>>>

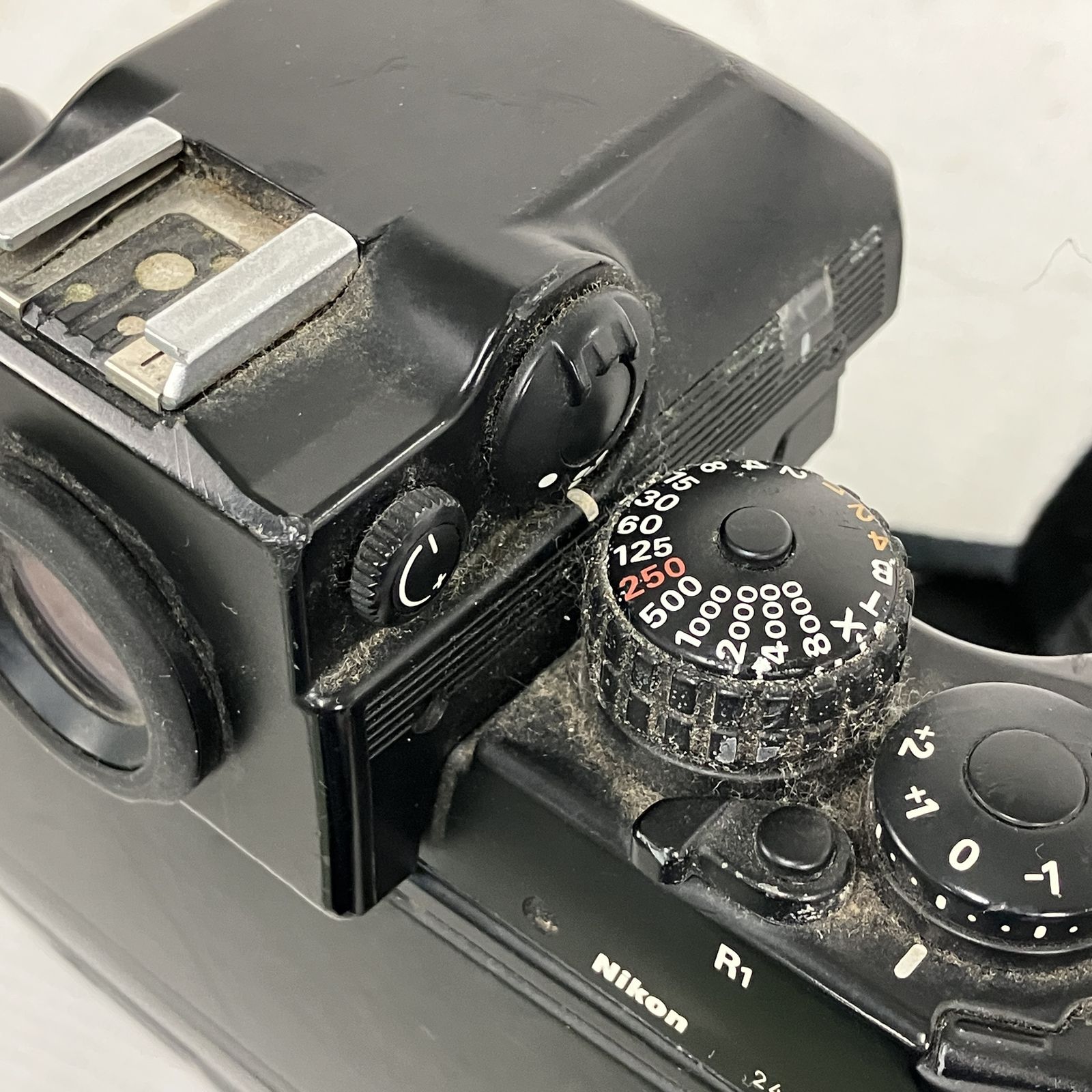 Nikon F4 ボディフィルムカメラ MB-21 バッテリーグリップ付 ジャンク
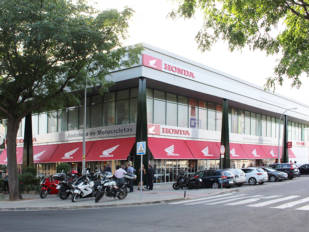 Andaluza de Motocicletas inaugura su nuevo concesionario oficial Honda en Sevilla Andaluza de Motocicletas inaugura su nuevo concesionario oficial Honda en Sevilla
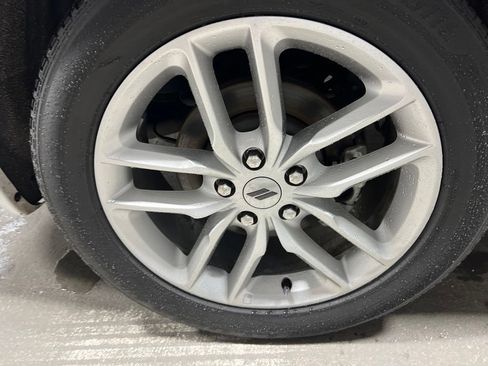 Used 2024 Dodge Durango GT RWD image 46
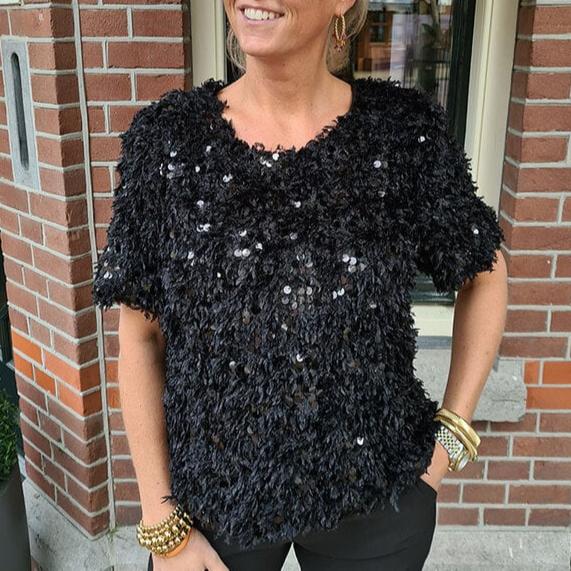 Birgit | Glamouröses Feder-T-Shirt mit Pailletten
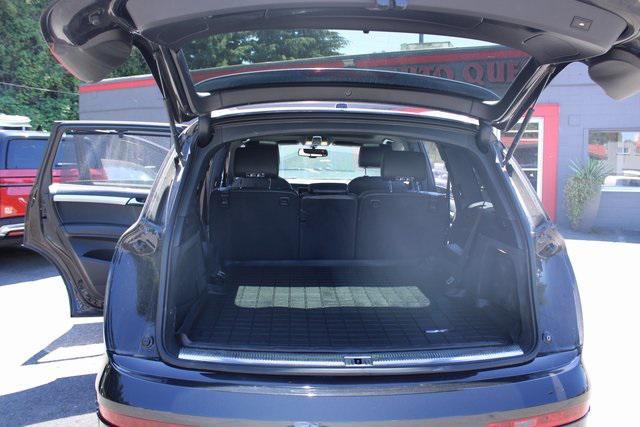 used 2011 Audi Q7 car, priced at $6,900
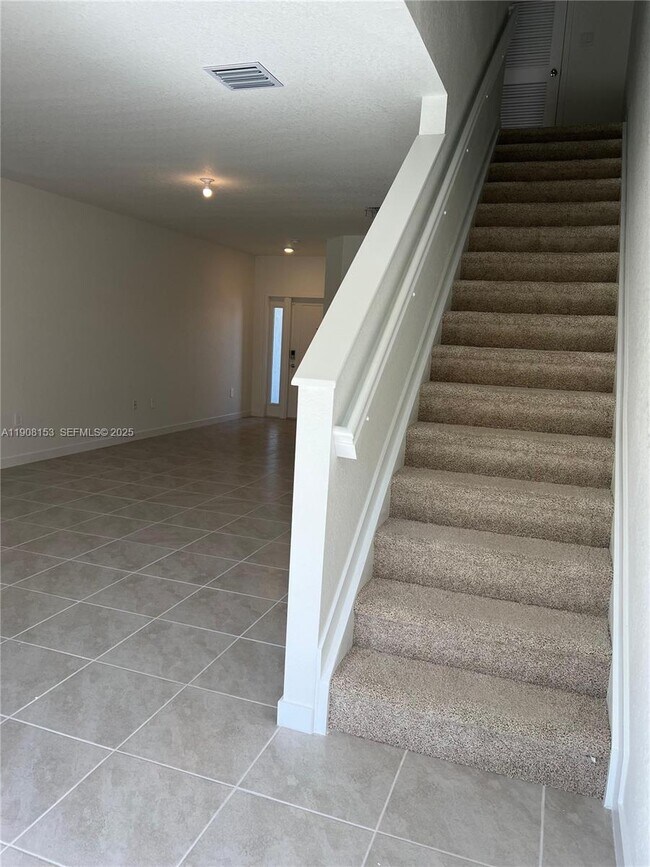 Building Photo - 326 NE 1st Ave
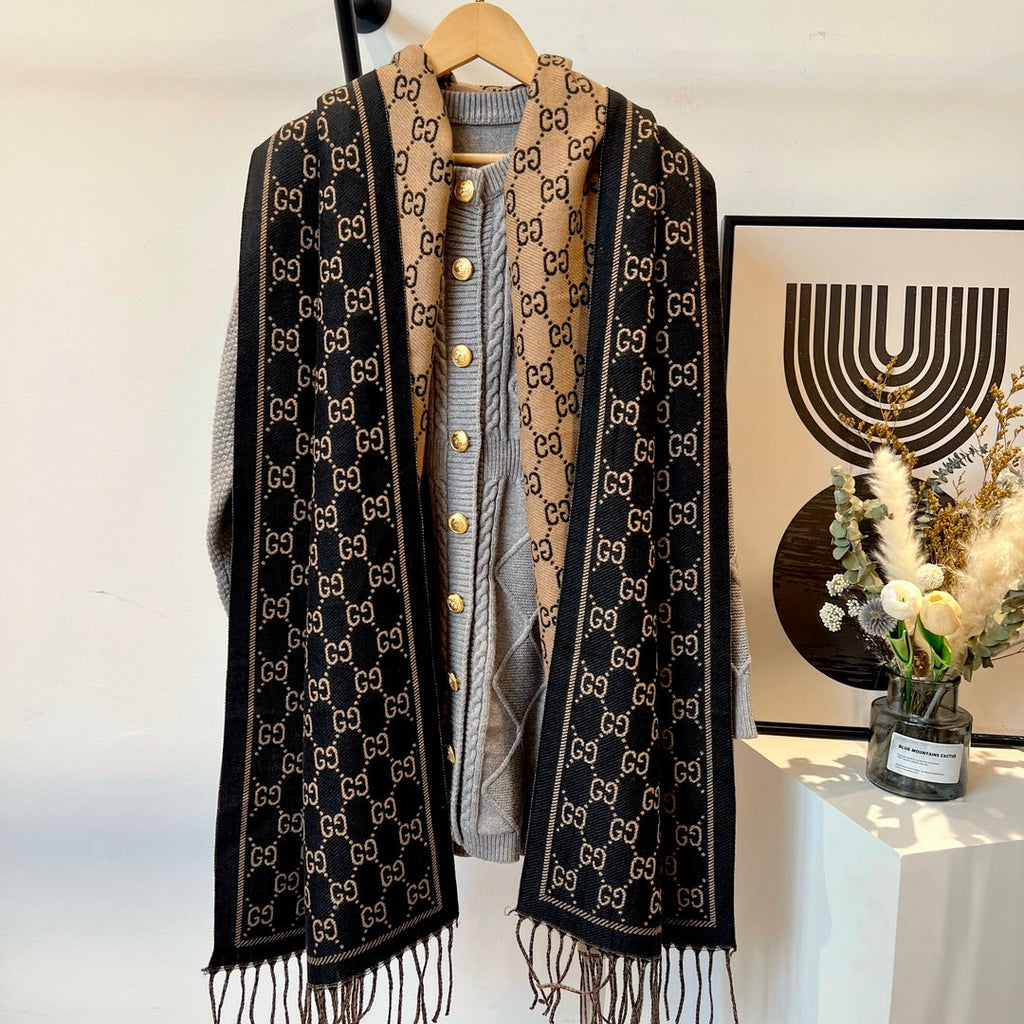 Fashionable GG diagonal striped scarf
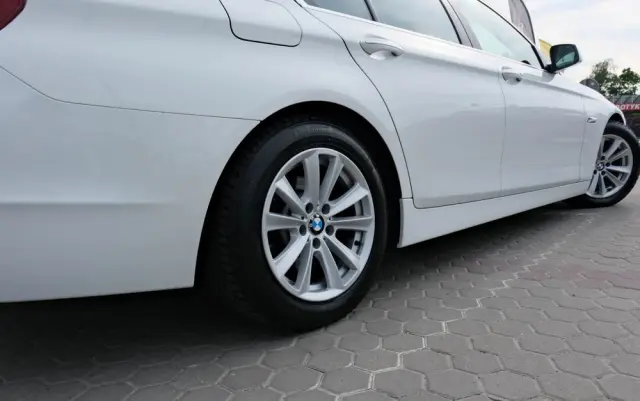 BMW Seria 5 520d Touring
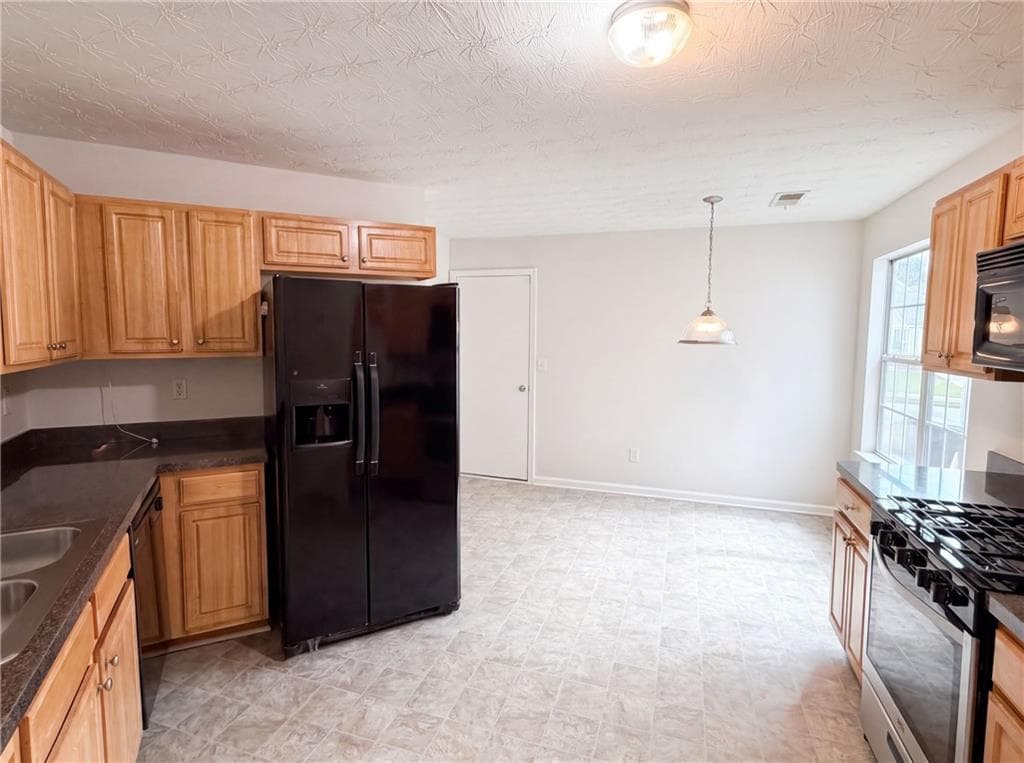 3 bedroom, 2 bathroom, 1,538 sq ft single family residence under contract at 55 Lassiter Drive, Covington, GA 30016 — photo 2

<<<

Your copy should consist solely of the lines from the line containing "Fashionable GG diagonal striped scarf" through the last line of the records above, reproduced exactly, with the pictures left out.

 Fashionable GG diagonal striped scarf
 BMW Seria 5 520d Touring
 3 bedroom, 2 bathroom, 1,538 sq ft single family residence under contract at 55 Lassiter Drive, Covington, GA 30016 — photo 2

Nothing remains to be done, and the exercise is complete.